Он приблизил свое лицо к ней, грубо, бесцеремонно взял ее за подбородок, отвел его в сторону, наклонился, коснулся уголком рта ее покрытой испариной шеи. В том месте, которое так влекло его, где под бледной полупрозрачной кожей мчался поток ее сладостной крови. Секунды на две его мозг отключился. Он весь превратился в Желание. Царапнул ей горло кончиками верхних клыков, но не спешил вгрызаться в мягкую податливую плоть — как всегда, предвкушение укуса доставляло ничуть не меньшее удовольствие, чем сам акт.

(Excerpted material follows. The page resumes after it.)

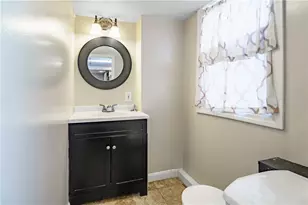17 E Greenwich Ave, West Warwick, RI 02893 - Photo 12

— Бесишь! Как же ты меня бесишь, — шипел он, алчно облизываясь над ее ухом. Ему хотелось громко кричать: «Пошла прочь! Убирайся в свой грязный мирок! Оставь меня в покое! Не смотри на меня так! Не мучай меня! Не провоцируй! Иначе... я ведь могу раздавить, уничтожить тебя, ты это, глупая, понимаешь?!» — но все, что он мог, — только шумно пыхтеть. С каждой секундой атмосфера накалялась все сильнее... Он снова поднес губы к ее шее и оскалил клыки, издав долгий томительный стон. Наслаждение ударило в голову, как разрывная пуля, как разряд молнии, как мощный телекинетический толчок. Мир растворился, стал несущественен. Время потекло божественной музыкой внутри Драго, созвучной ритмам его сердца. «Нет! — приказал себе парень. — Не делай этого снова, не повторяй ошибки, которую ты совершил со Скарлетт! Господи, нет!» Даже произнесенное мысленно, имя жены огрело его, как пощечина, что оказалось сейчас весьма кстати — с помощью образа непреклонной графини гласу бладрестова рассудка удалось возобладать над инстинктами раззадоренного берсерка.
— Я пошутил, не бойся, я тебя не обижу... По крайней мере, до тех пор, пока ты сама этого не захочешь, — выдохнул в изнеможении воин и, коротко вскрикнув «кийа!», ударил кулаком в стену рядом с головой Айрин, круша прогнившую кирпичную кладку. Напряжение было сброшено. Доведенные до экстремума, чувства стали терять болезненную остроту.
За считанных полминуты все помутнение постепенно сошло на нет. Пульс начал выравниваться. Драго ослабил хватку, но ненадолго — только для того, чтобы заграбастать Айрин в охапку и, захлебнувшись нежностью, порывисто прижать несносную девчонку к груди.
— Знаешь что? — пробормотал он, едва совладав с заплетающимся языком. — Не удирай от меня больше, ладно? Пойдем домой, надо обработать твою ссадину. Будешь примерной девочкой, научу драться на шпагах. Или метать ножи. Любой каприз за ваше «ну пожа-а-а-а-луйста, пожа-а-а-а-луйста».